When filing for divorce, you'll need to identify a legal ground (or reason) for your request. Today, all states offer some form of "no-fault divorce," and whether it's based on "irreconcilable differences," "irreparable breakdown of the marriage," or separation, the basic principle remains the same: Spouses don't need to blame one another for the breakup or prove any wrongdoing to get divorced.
In some states, spouses can still pursue a "fault divorce," where one spouse blames the other for the split and identifies specific conduct that caused the breakup. Although they vary by state, the most common fault grounds are adultery, abuse, desertion, and incarceration.
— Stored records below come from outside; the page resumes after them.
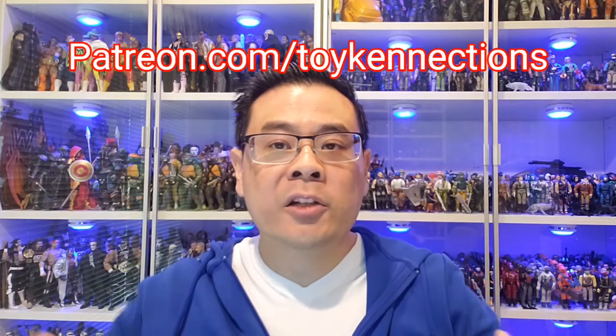Before we get to number three, I just want to give a shout out and a special thanks to my Patreon supporters and channel members, whose names can be found in the description section of this video. You can visit patreon.com/toyconnections or join the channel membership, which you can see next to my name in the description below.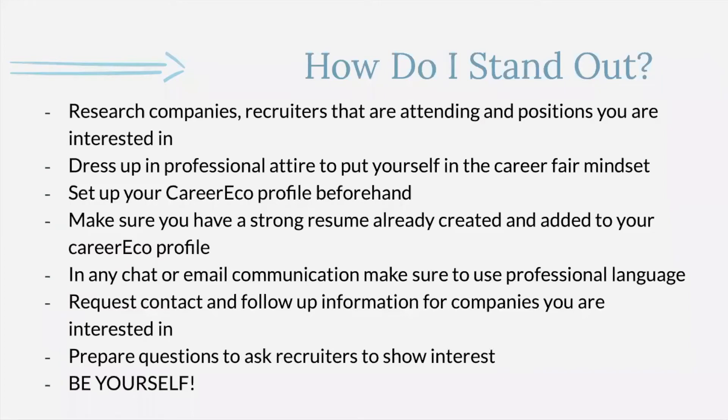One of the most common questions is how to stand out. With this virtual career fair, a lot of preparation is very similar to an in-person career fair. One major thing is to research the companies, the recruiters attending, and the specific positions you're interested in. Similar to in-person, make sure you're professionally dressed and ready to put your best foot forward. Also make sure you have all the logistics set up — check and set up your Career Eco profile ahead of time and have your resume already attached.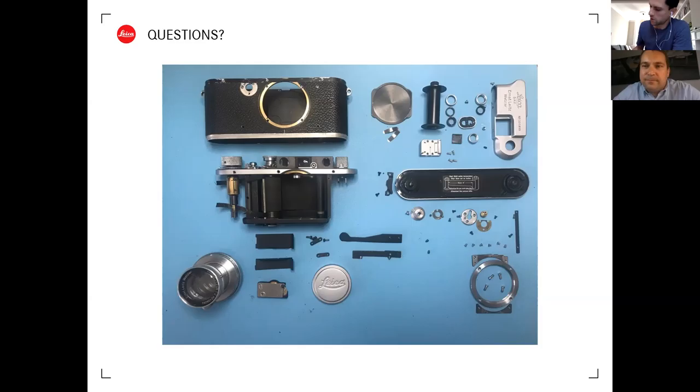Q&A: On using the focus and frame viewfinders on a Leica 3f - there's no strict rule, but focusing then framing makes more sense in most situations. For moving subjects, you can pre-focus on a spot where you expect the subject to appear, then frame. The general recommendation is focus first, then frame, but it depends on the situation.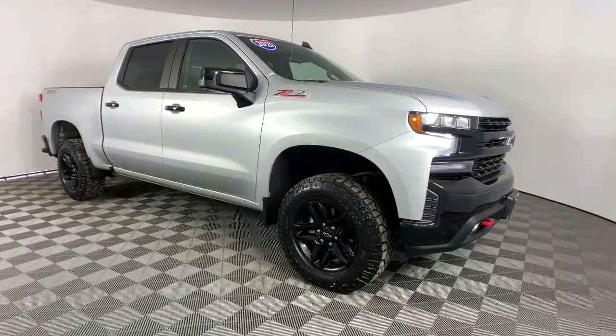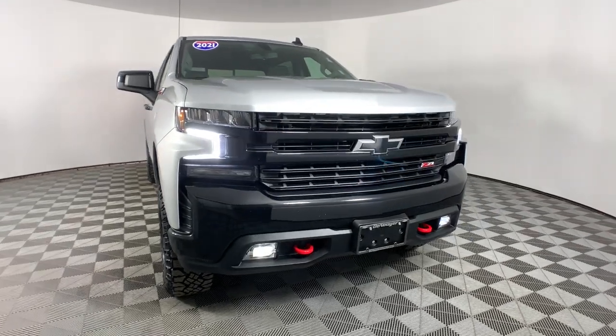Feel prepared for the challenge in the Silverado 1500. Get behind the wheel for a test drive.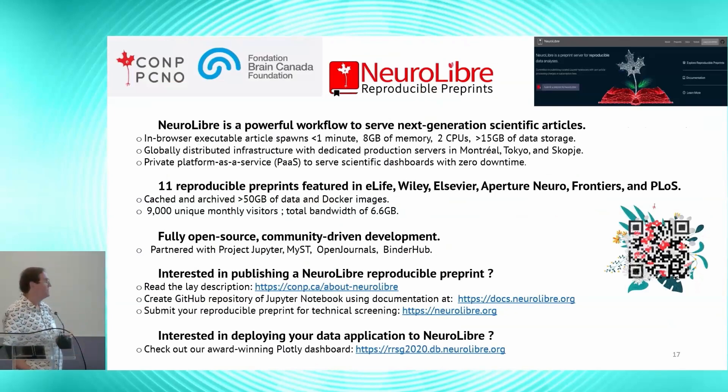A relatively recent addition to this ecosystem is Neuralibri — reproducible preprints for open publishing. This is part of the growing movement to have editable Jupyter Notebook-mediated preprints, not PDFs, where people can analyze the data themselves and see if they get the same results as the authors. This is a revolution in how scientific communication is proceeding. Later this month there will be a launch of the whole Neuralibri environment with a series of international publication houses attending — you can look into it in much greater detail on the Neuralibri website.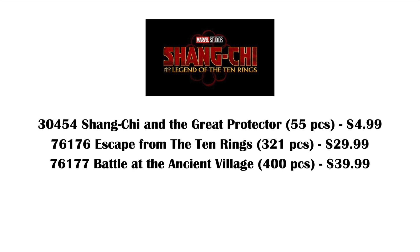So we're getting three of them: 30454 Shang-Chi and the Great Protector, 55 pieces, $5. Then there's 76176 Escape from the Ten Rings, 321 pieces, $30, and 76177 Battle at the Ancient Village, 400 pieces for $40.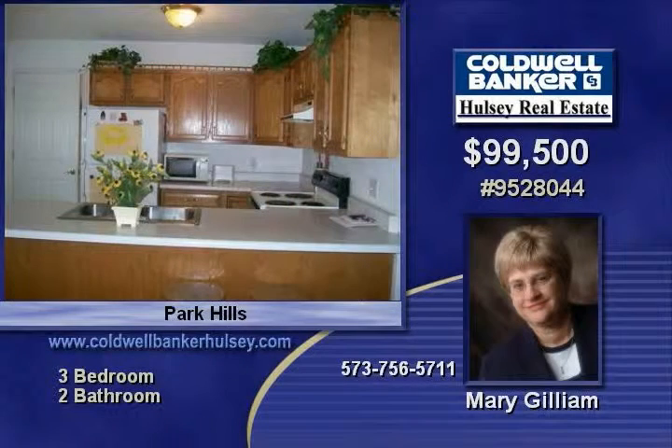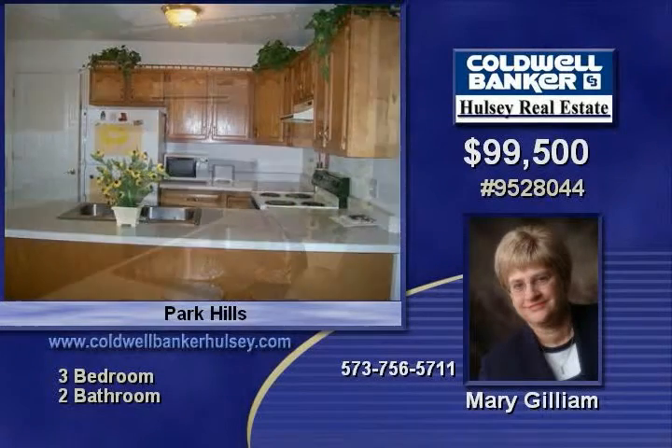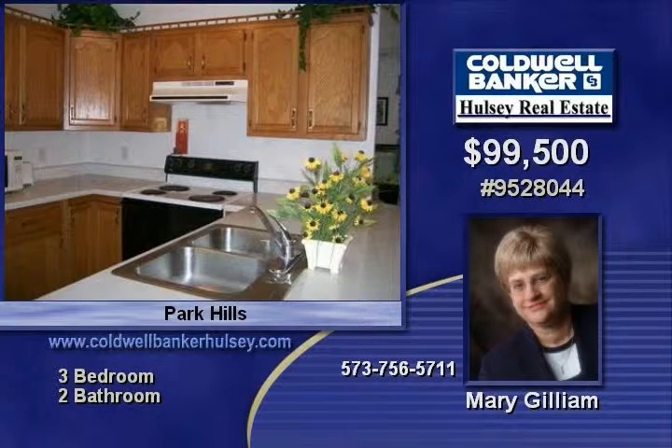This home is conveniently located close to Desloche, Hwy 67, and shopping. Call today to take a look.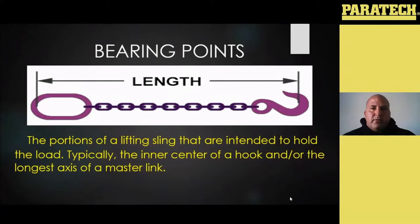The portion of the lifting sling intended to hold the load is typically the inner center of your hook and/or the longest axis of your master link. Your master links — also called oblong links — are designed to be pulled in the long direction, not side-loaded from the shorter axis. And you want to make sure that with different crews and different shifts, everybody's on the same page, because if multiple people are measuring and inspecting your chain from different spots, your measurements are going to be different and you may have people wanting to remove chain that isn't necessarily stretched or overloaded.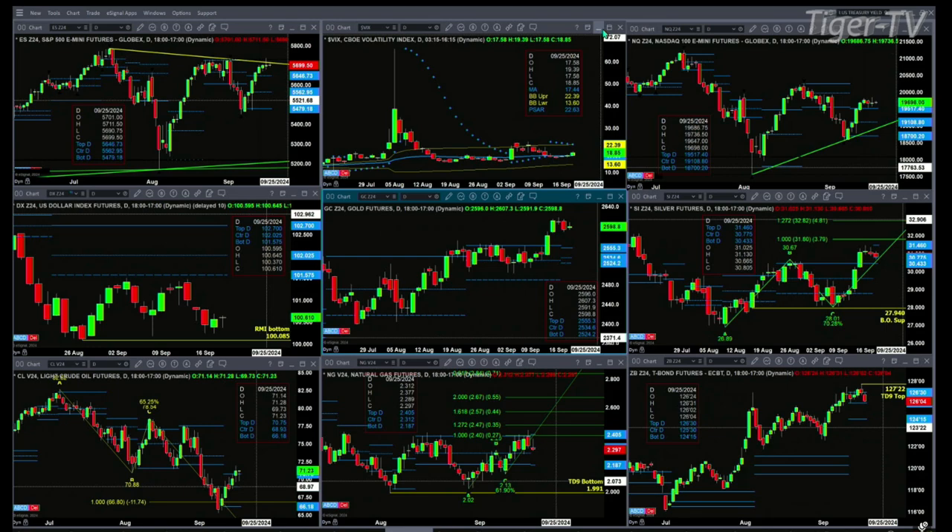For the 30-year treasury, price is trading inside that profile. The key level to watch is the center, because this is a bearish-structured profile. A price close below 125-30 will see a move down to the 124-15 level.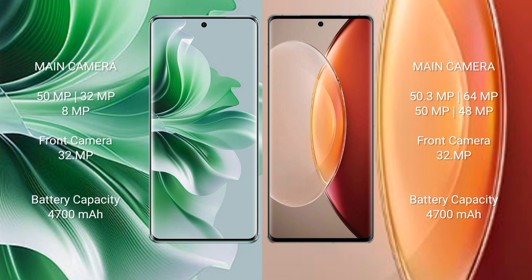Oppo Reno 11 Pro features a triple camera setup: 50MP, 32MP, 8MP, and a 32MP front camera. Vivo X 90 Pro Plus features a quad camera setup: 50.3MP, 64MP, 50MP, 50MP, with a 48MP and 32MP front camera. Both phones have a 4700mAh battery with 80W fast charging support.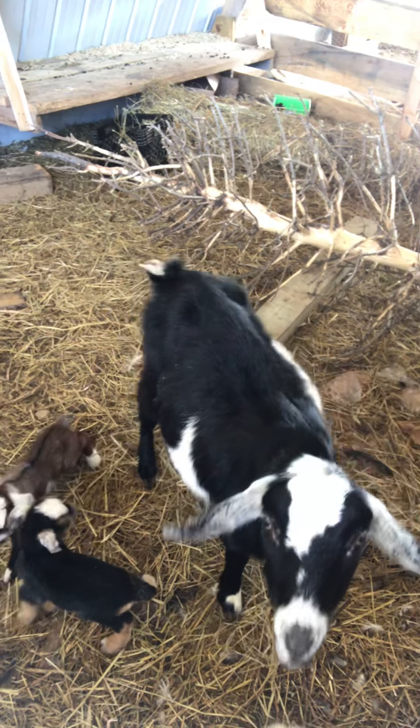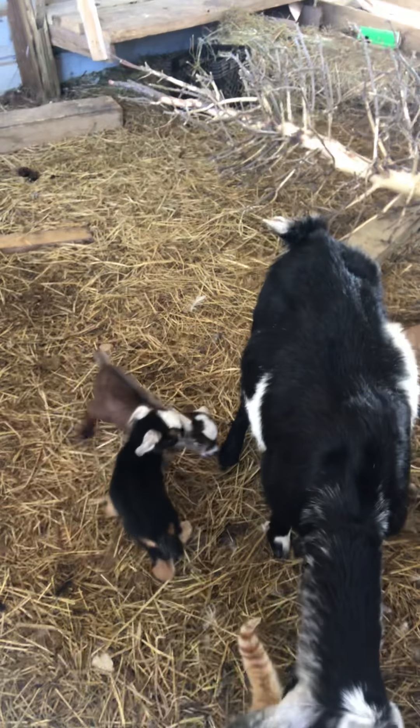I did want to show you these new sweet little ones — Whisper and Shadow. I'll take a little more video later, but let's go, Martha, come on.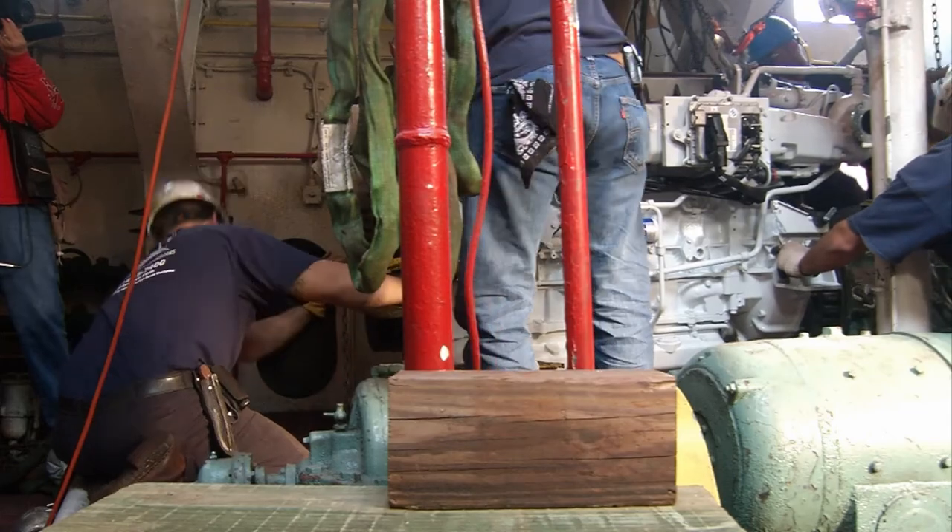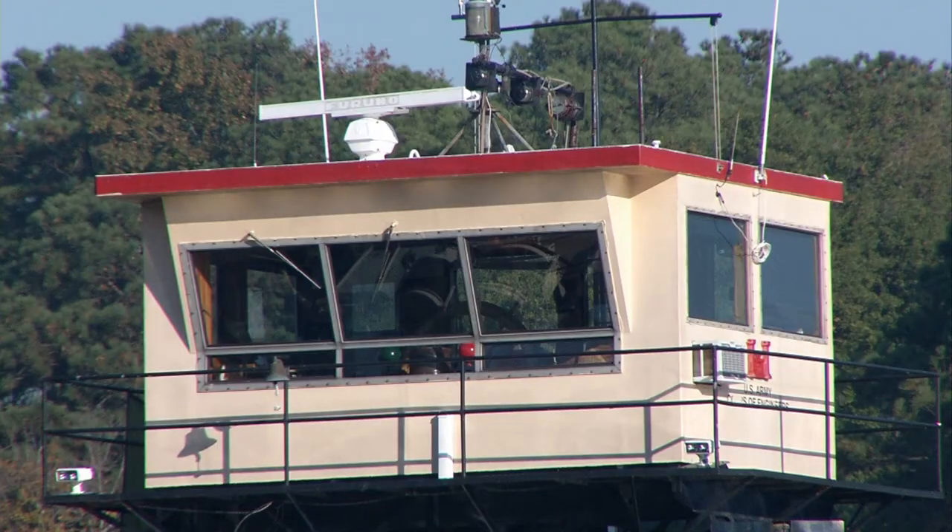The new technology will increase the horsepower considerably from what they had before. The new technology ensures the Elizabeth will be out on the water picking up debris and assisting in sediment sampling operations for many years to come.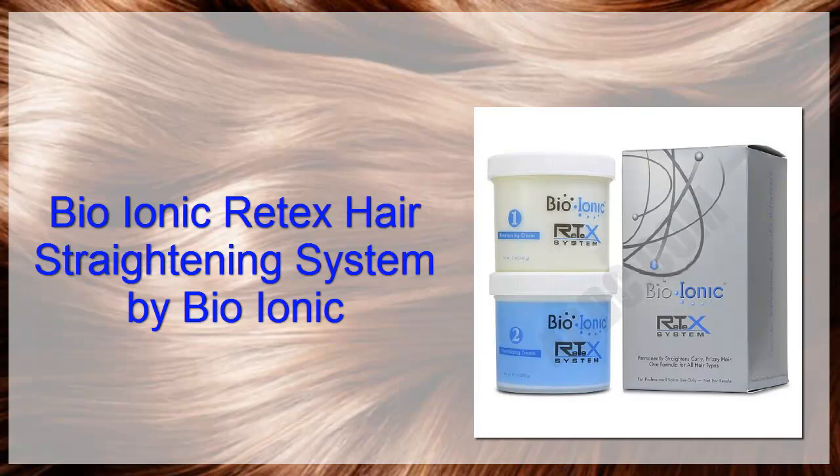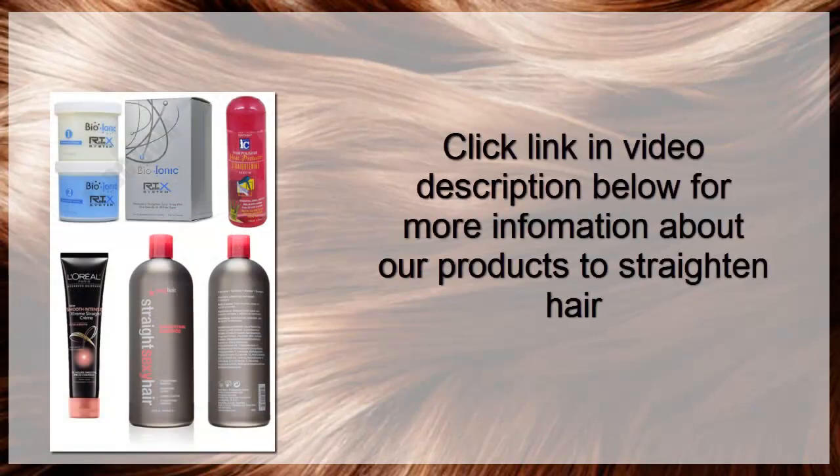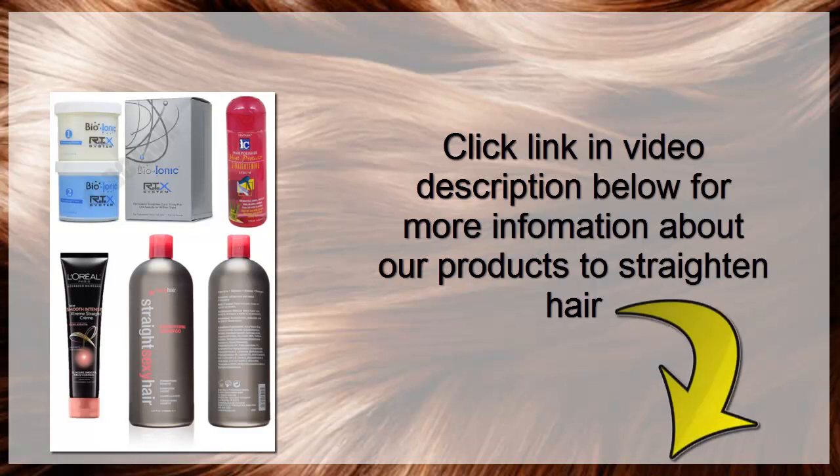Bio-Ionic Retex Hair Straightening System, Retex Kit from Bio-Ionic. Click the link in the video description below for more information about our products to straighten hair.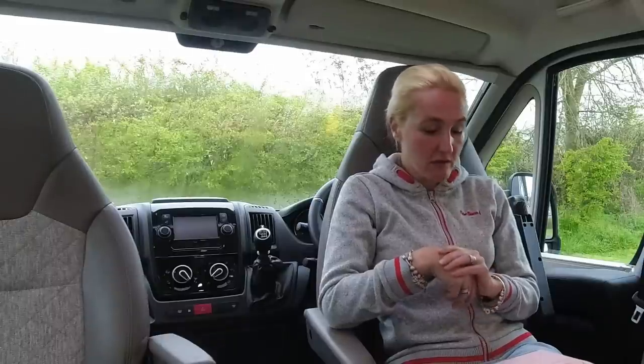We made it to the weighbridge! This one was a little different from the trading standards one we used before in Somerset - Jules and I could remain in the motorhome this time. We drove on, weighed the rear axle, front axle, and total weight, and drove off with our bit of paper for £20. Drumroll: our maximum weight could have been 3,650 kilos. The only things we were missing were water and e-bikes. We weighed 3,500 kilos - three and a half tons exactly.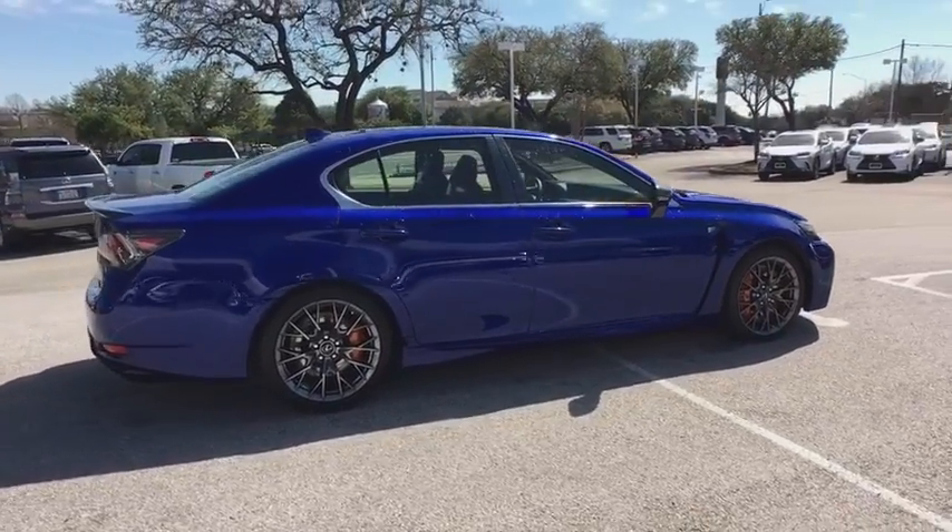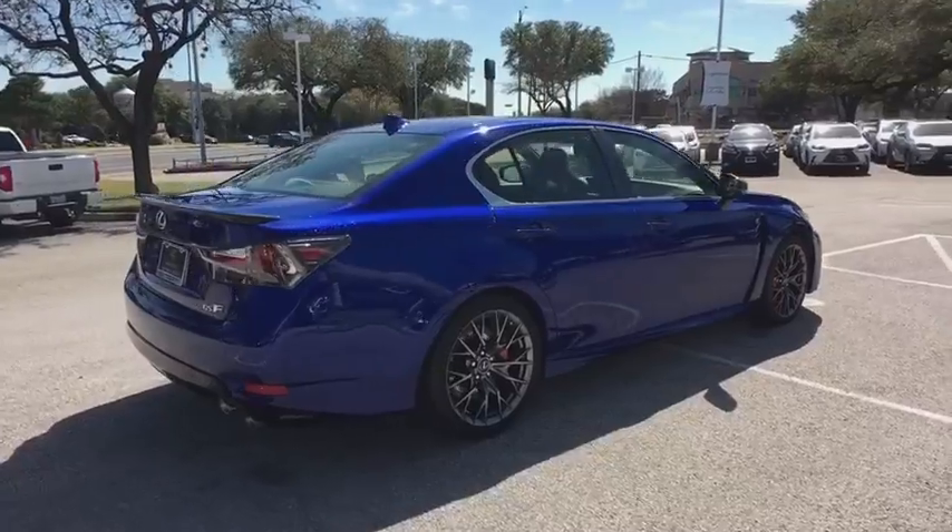This vehicle has less than 5,000 miles. Here are some of this vehicle's great options.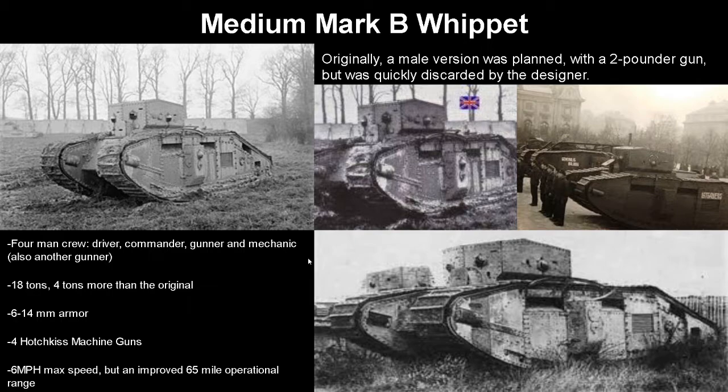Next up we have the Medium Mark B Whippet. Originally a male version was planned with a two-pounder gun, but it was pretty quickly discarded by the designer as not good enough. It had a four-man crew of a driver, commander, gunner, and mechanic who also served as another gunner. It weighed four more tons than the original at 18 tons, with the same armor at 6-14mm. It was armed with four Hotchkiss machine guns, and while slower at 6 mph, it had an improved 65-mile operational range — which somewhat evens it out. The larger size meant better ergonomics for the four-man crew and allowed the guns to be better utilized.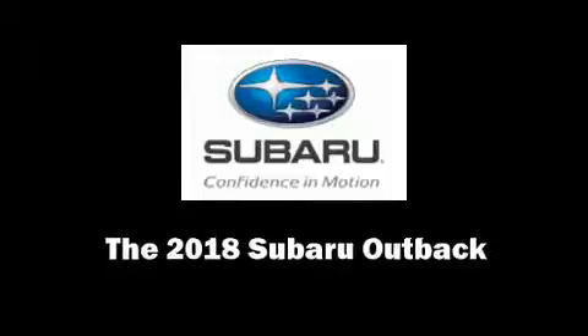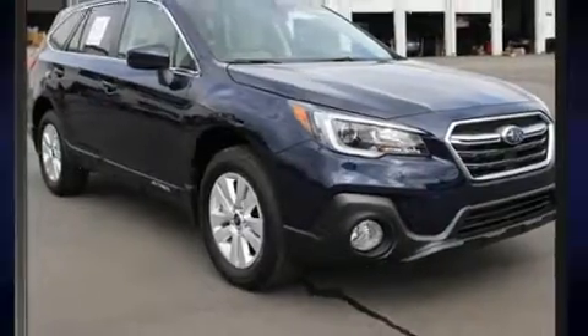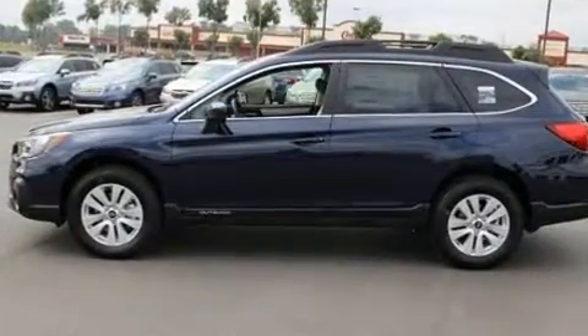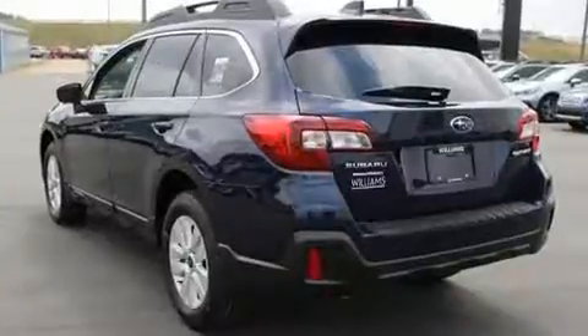Sensibility and practicality define the 2018 Subaru Outback. Smooth gear shifts are achieved thanks to the efficient four-cylinder engine. And for added security, dynamic stability control supplements the drivetrain. All-wheel drive maintains traction at all four corners.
Should You Choose a Fault Divorce?
If you live in a state that allows courts to consider adultery in a divorce, you should think carefully about whether pursuing a fault-based divorce makes sense. Fault divorces are often more stressful and more expensive than their no-fault counterparts.
Choosing a no-fault divorce should reduce both conflict and expenses. No one enjoys airing their dirty laundry, and it's even worse when it's done in a public courthouse setting. If you pursue a fault divorce against your spouse, be prepared for some backlash. And proving that an affair took place will certainly cost more: It will require additional time and expenses in attorney's fees, private investigator's fees, and court costs. A fault-based divorce might not be worth it in the end.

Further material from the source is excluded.